Языковеды настаивали на том, чтобы освобождать публичный язык от «мертвых», то есть потерявших «коммуникационные функции», слов и синтагм. В потере этих функций их убеждало отсутствие данных речений в бытовом, частном диалоге:
«… Трудно себе представить реальную возможность такого случая, чтобы двое друзей – искреннейших, допустим, коммунистов, – стали бы в беседе с глазу на глаз обмениваться такими, напр., фразами:
“Осипов скрывает под своей личиной подлинную гидру контрреволюции”.
“Да, надо изжить подобный элемент из недр нашей канцелярии. Оставляя Осиповых у себя, мы льем воду на мельницу хищных акул империализма и ставим под угрозу завоевания Октября. Этот продукт разлагающейся буржуазии…” и т. д. и т. д. Слышите ли вы в действительной жизни подобный диалог?»[432]

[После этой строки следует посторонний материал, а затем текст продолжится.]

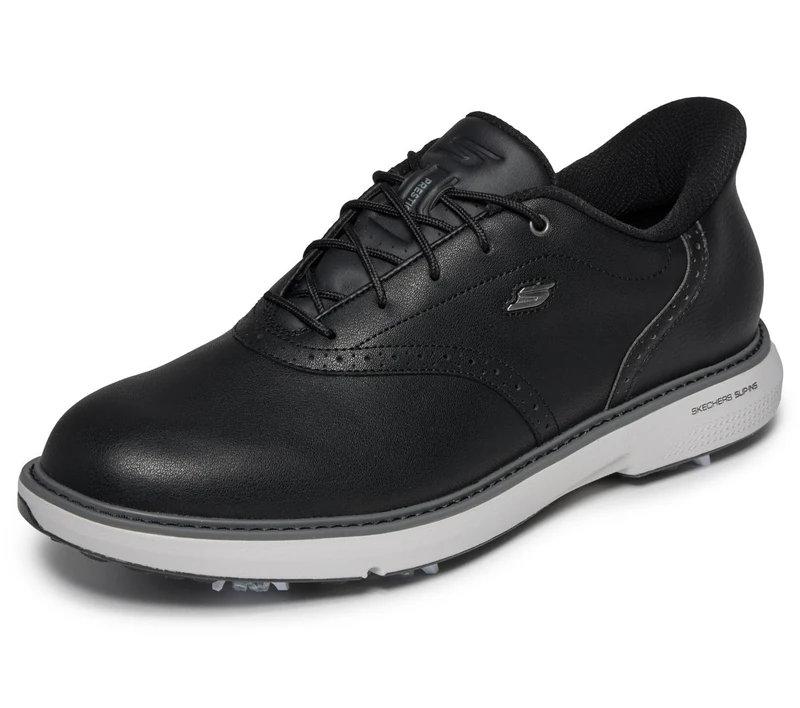 Skechers Mens Slip-ins GO Golf Prestige Golf Shoes - Black - UK 7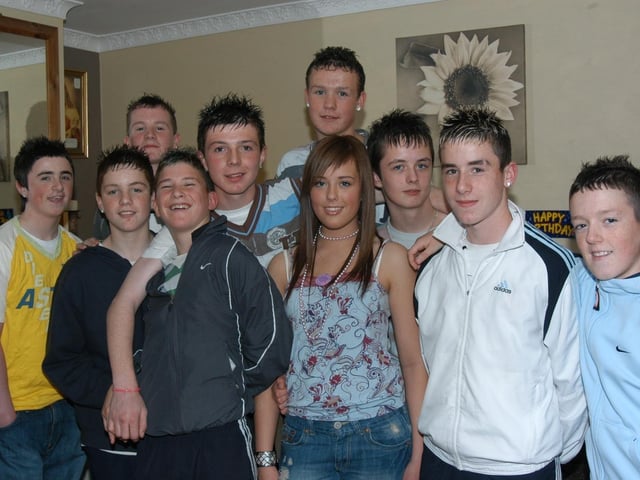 Derry Parties & Celebrations October 2005: Jade Duffy.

Е. Поливанов в 1931 году называет этот язык «славянским языком революции», резко отделяя его от «обезьяньего языка» (запечатленного в середине 20-х Зощенко[433]),
«ибо по безжизненности и недвижности своей эти “акулы” и “гидры” вполне сравнимы с церковнославянскими речениями в церковном языковом обиходе».[434]
Продолжающееся бытование в среде «нашей говорящей и пишущей массы» этих «мертвых» оборотов речи великий лингвист объяснял «нашим всегдашним, общим и характерным именно для русских пренебрежением к форме (и в нашей устной, и в нашей письменной коммуникации)», констатируя «с сожалением», что «у нас нет массовой культуры форм речи», нет даже «конкретных представлений в этой области». А там, где можно бы надеяться
«встретить сознательное отношение к формам своего словесного выражения, мы встречаемся даже, наоборот, с предубеждением против формы (в широком смысле слова): важна, дескать, суть, а не одежда речи, мы не французы, чтобы всякой пустяковине подводить обдуманную концовку и пр.: достаточно ляпнуть – если поймут, значит и дело кончено».[435]

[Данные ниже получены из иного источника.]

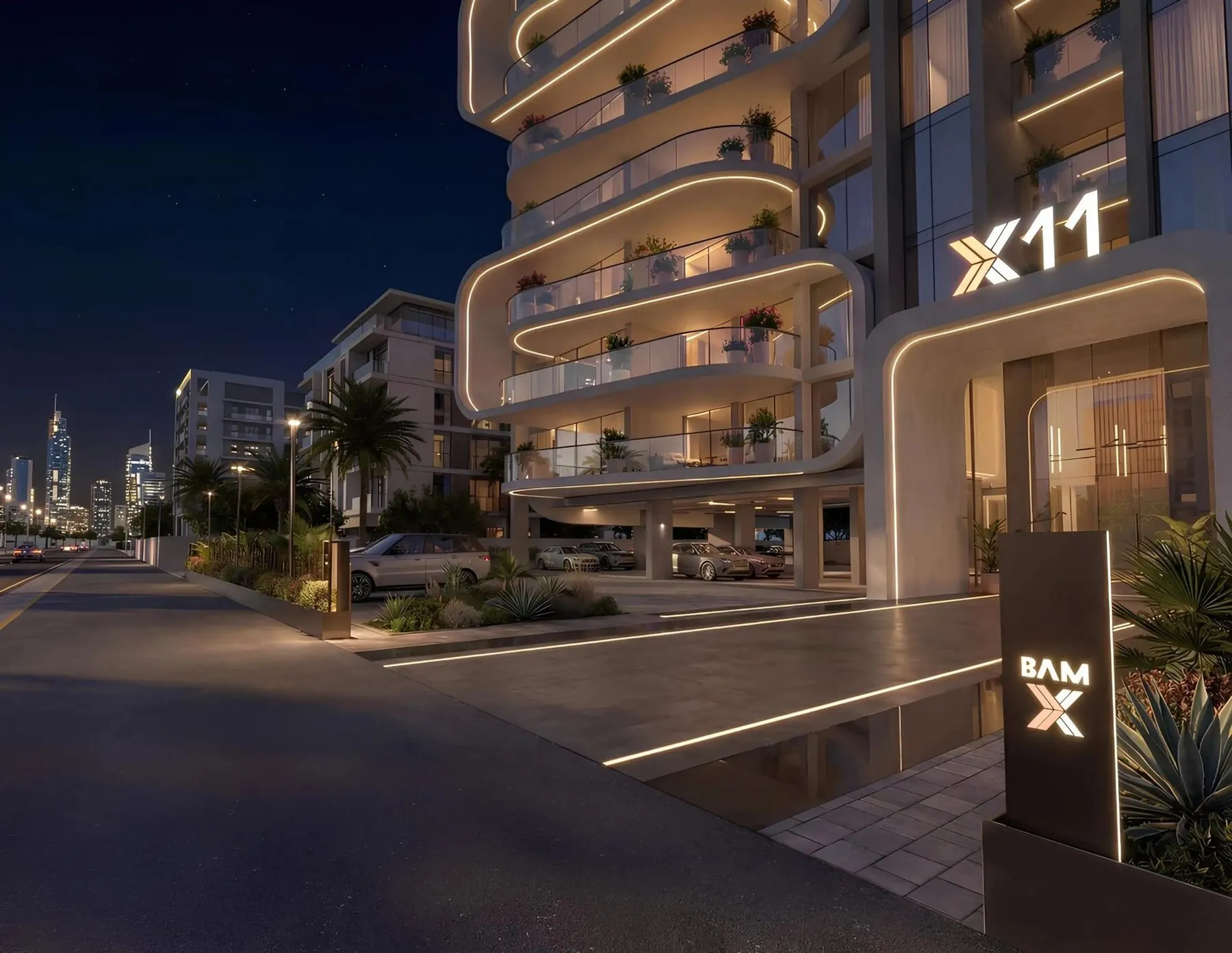 1 yatak odalı daire — Dubai South — 2/4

О том же, но более сурово, говорит и Щерба:
«… Оправдывающее такое положение вещей презрение к формам является в конечном счете антиобщественным явлением».[436]
В суждениях Е. Поливанова можно увидеть гипотезу возникновения советской публичной речи. В среде с «минимумом заботливого отношения к формам речи, впервые появляется нечто вроде устоев, вроде вех для организации речевого материала публичных выступлений» – это были «шаблоны прокламационного стиля, сперва, разумеется, полные смысловой и эмоциональной жизненности», но теперь опустошенные, «превратившиеся в “славянский язык”». И тем не менее «еще можно встретить немало людей, усвоивших как незыблемый трафарет десятка два “приличных для публичных выступлений”, “официально утвержденных” и подтвержденных их повторениями в прессе выражений», – людей, «которые крепко схватились за этот единственный компас, с которым можно, дескать, бросаться плыть по зыбучему словесному морю».[437]
Остается понять – является ли для Поливанова это пренебрежение формой специфическим свойством не названной, но явно подразумевающейся среды – тех, кто впервые поднялся к новой социальной роли? Или же его рассуждение относится ко всем носителям родной речи? В том числе и к тем, которые были выброшены Октябрем из публичной жизни, как члены кадетской «профессорской» партии, среди которых было немало весьма внимательных к формам своего красноречия?
Трудно представить, чтобы несомненная вера в утопию подавила мысль ученого и он вовсе выпустил из виду этих если уцелевших, то в большинстве своем уже лишенных гражданских прав носителей языка. Но если предположение Поливанова распространяется и на них, тогда оно может быть рассмотрено как своего рода набросок к суждениям И. Бродского сорок с лишним лет спустя, в известном послесловии к «Котловану», о сути русского языка. Он писал о том, что А. Платонов «обнаруживает тупиковую философию в самом языке», о «синтетической (точнее: не-аналитической) сущности языка, обусловившей – зачастую за счет чисто фонетических аллюзий – возникновение понятий, лишенных какого бы то ни было реального содержания». Нация (в изображении А. Платонова) стала «в некотором роде жертвой своего языка»; автор «Котлована» говорит
«о самом языке, оказавшемся способным породить фиктивный мир и впавшем от него в грамматическую зависимость».[438]